> _Collected material_
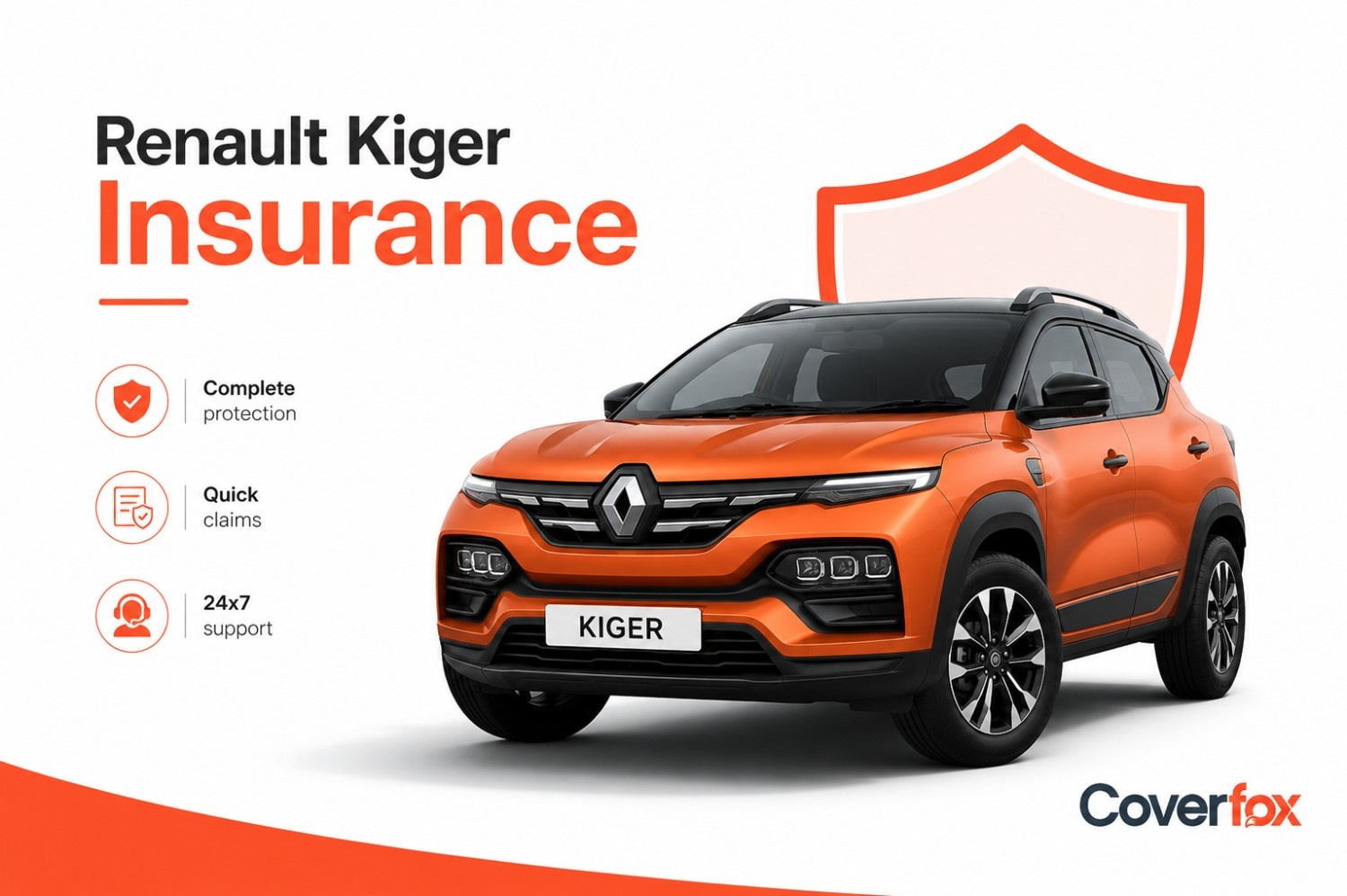 Renault Kiger Car Insurance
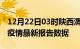12月22日03时陕西渭南最新发布疫情及渭南疫情最新报告数据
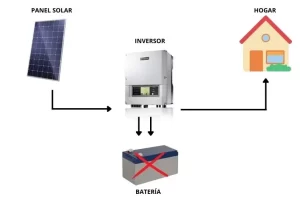 placa solar conectada directamente al inversor sin bateria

> _Try it_
Output only the lines that run from the line containing "12月22日03时陕西渭南最新发布疫情及渭南疫情最新报告数据" to the last line of the data, exactly as they stand and without pictures.

> _Output below_
12月22日03时陕西渭南最新发布疫情及渭南疫情最新报告数据
 placa solar conectada directamente al inversor sin bateria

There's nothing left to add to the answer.